Bias in artificial intelligence can take many forms — from racial bias and gender prejudice to recruiting inequity and age discrimination. "The underlying reason for AI bias lies in human prejudice - conscious or unconscious - lurking in
AI algorithms throughout their development. AI solutions adopt and scale human biases.
One potential source of this issue is
prejudiced hypotheses made when designing AI models, or algorithmic bias. Psychologists claim there’re about 180 cognitive biases, some of which may find their way into hypotheses and influence how AI algorithms are designed.
An example of algorithmic AI bias could be assuming that a model would automatically be less biased when not given access to protected classes, say, race.

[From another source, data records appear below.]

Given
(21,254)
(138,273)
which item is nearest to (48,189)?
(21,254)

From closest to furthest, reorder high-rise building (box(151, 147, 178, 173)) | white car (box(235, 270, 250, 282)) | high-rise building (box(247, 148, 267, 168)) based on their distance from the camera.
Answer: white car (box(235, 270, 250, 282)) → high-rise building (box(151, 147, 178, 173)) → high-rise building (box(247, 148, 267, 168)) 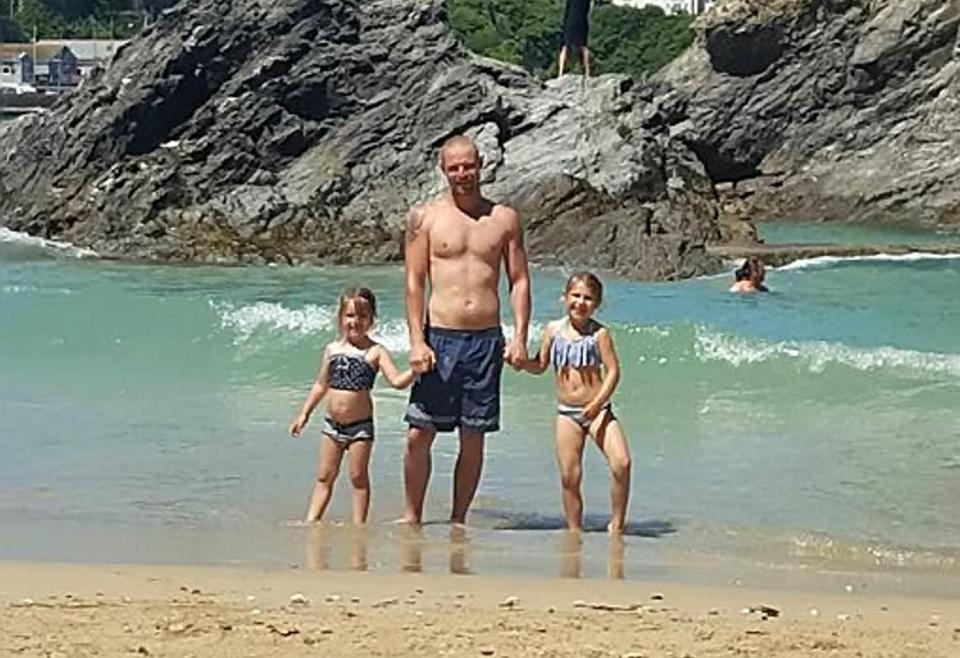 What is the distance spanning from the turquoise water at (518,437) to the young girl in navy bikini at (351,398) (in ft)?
A: 0.95

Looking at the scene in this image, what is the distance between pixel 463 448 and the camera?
8.77 m

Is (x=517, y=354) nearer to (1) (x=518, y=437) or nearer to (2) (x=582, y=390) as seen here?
(2) (x=582, y=390)

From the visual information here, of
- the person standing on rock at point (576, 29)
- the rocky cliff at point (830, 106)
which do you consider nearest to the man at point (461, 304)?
the rocky cliff at point (830, 106)

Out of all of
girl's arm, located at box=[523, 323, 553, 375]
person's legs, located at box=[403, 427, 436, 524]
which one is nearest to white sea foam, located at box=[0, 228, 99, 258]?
person's legs, located at box=[403, 427, 436, 524]

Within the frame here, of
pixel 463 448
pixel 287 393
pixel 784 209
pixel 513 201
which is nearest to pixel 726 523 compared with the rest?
pixel 463 448

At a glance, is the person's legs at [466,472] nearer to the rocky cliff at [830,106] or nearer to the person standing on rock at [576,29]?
the rocky cliff at [830,106]

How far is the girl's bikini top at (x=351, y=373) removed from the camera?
A: 29.6ft

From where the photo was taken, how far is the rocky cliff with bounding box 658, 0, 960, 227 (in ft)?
137

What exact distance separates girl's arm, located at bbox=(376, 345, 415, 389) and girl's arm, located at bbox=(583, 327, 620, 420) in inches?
31.8

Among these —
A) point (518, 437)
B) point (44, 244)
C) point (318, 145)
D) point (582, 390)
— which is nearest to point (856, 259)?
point (318, 145)

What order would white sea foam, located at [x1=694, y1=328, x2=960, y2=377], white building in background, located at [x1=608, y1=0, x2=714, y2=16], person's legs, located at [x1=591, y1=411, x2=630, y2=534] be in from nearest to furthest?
person's legs, located at [x1=591, y1=411, x2=630, y2=534], white sea foam, located at [x1=694, y1=328, x2=960, y2=377], white building in background, located at [x1=608, y1=0, x2=714, y2=16]

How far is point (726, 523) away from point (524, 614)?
10.4ft

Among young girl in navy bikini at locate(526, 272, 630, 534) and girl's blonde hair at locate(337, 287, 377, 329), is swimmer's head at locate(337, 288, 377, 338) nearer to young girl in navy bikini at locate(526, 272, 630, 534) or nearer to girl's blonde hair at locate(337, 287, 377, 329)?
girl's blonde hair at locate(337, 287, 377, 329)

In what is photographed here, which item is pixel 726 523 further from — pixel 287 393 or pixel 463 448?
pixel 287 393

In reality, removing the protected classes from the analysis doesn’t erase racial bias from AI algorithms. The model could still produce prejudiced results relying on related non-protected factors, for example, geographic data — the phenomenon known as
proxy discrimination.
Another common reason for replicating AI bias is
the low quality of data on which AI models are trained. The training data may incorporate human decisions or echo societal or historical inequities.
For instance, if an employer uses an AI-based recruiting tool trained on historical employee data in a predominantly male industry, chances are AI would replicate gender bias.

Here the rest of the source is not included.